Modify Cloud Compute Infrastructure: Delete Cloud Instance

An adversary may delete a cloud instance after they have performed malicious activities in an attempt to evade detection and remove evidence of their presence. Deleting an instance or virtual machine can remove valuable forensic artifacts and other evidence of suspicious behavior if the instance is not recoverable.

An adversary may also Create Cloud Instance and later terminate the instance after achieving their objectives.[1]

ID: T1578.003
Sub-technique of:  T1578
Tactic: Defense Evasion
Platforms: IaaS
Contributors: Arun Seelagan, CISA
Version: 1.2
Created: 16 June 2020
Last Modified: 24 October 2025

Procedure Examples

ID Name Description
G1004 LAPSUS$

LAPSUS$ has deleted the target's systems and resources in the cloud to trigger the organization's incident and crisis response process.[2]

G1053 Storm-0501

Storm-0501 has conducted mass deletion of cloud data stores and resources from Azure subscriptions.[3]

Mitigations

ID Mitigation Description
M1047 Audit

Routinely check user permissions to ensure only the expected users have the capability to delete new instances.

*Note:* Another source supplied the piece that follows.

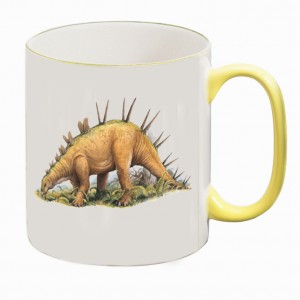 Two-Tone Mug: Chialingosaurus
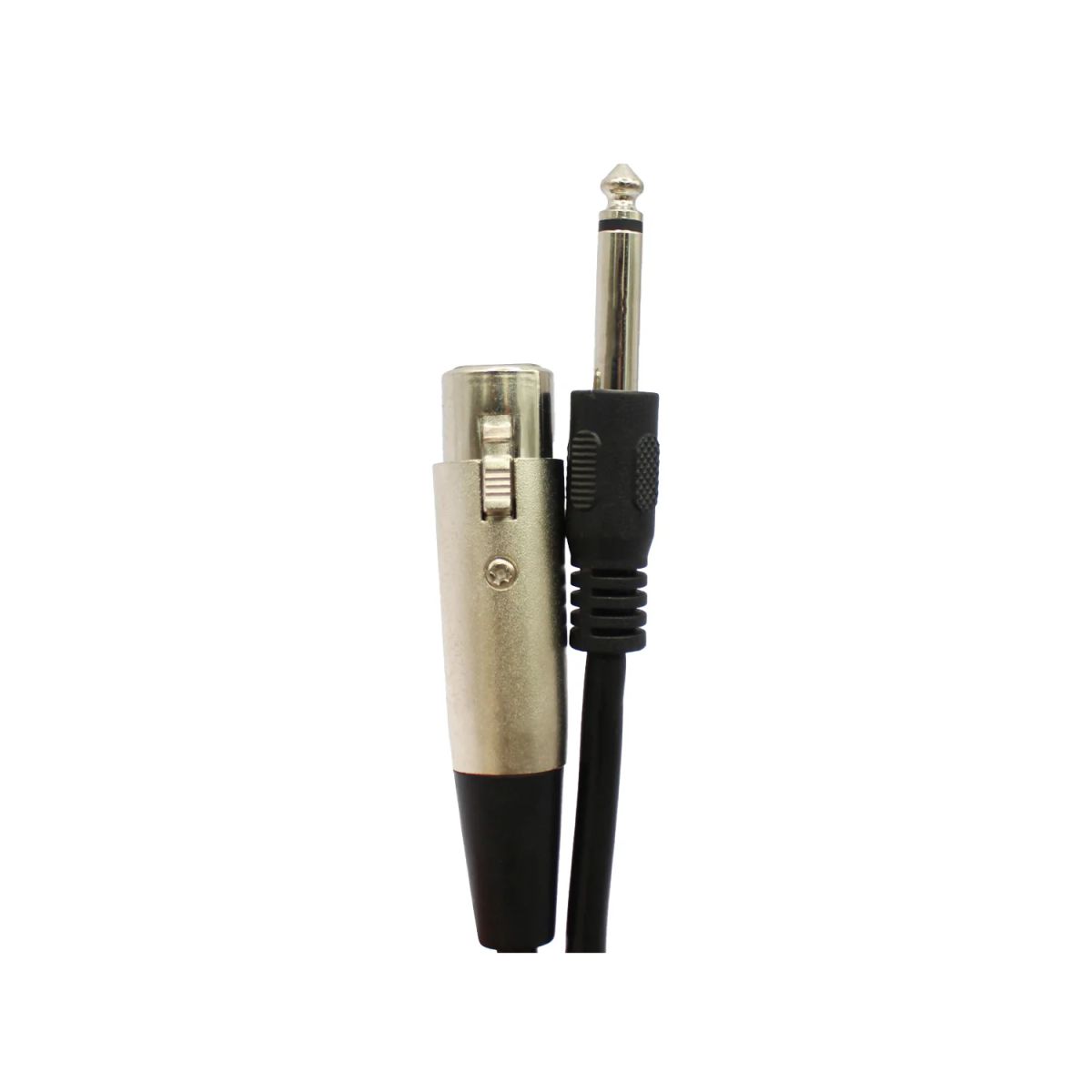 HENDRIX - CABLE DE MICROFONO - CANON HEMBRA A PLUG 6.3MM - HENDRIX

M1018 User Account Management

Limit permissions for deleting new instances in accordance with least privilege. Organizations should limit the number of users within the organization with an IAM role that has administrative privileges, strive to reduce all permanent privileged role assignments, and conduct periodic entitlement reviews on IAM users, roles and policies.[1]

Detection Strategy

ID Name Analytic ID Analytic Description
DET0084 Detection Strategy for Modify Cloud Compute Infrastructure: Delete Cloud Instance AN0234

Defenders can detect suspicious cloud instance deletions by correlating events across authentication, instance lifecycle, and account activity. From a defender’s perspective, behaviors of interest include instances deleted shortly after creation, deletions initiated by new or rarely used accounts, deletions following snapshot creation, and deletions originating from anomalous geolocations or access keys. These may indicate adversarial attempts to destroy forensic evidence or evade detection.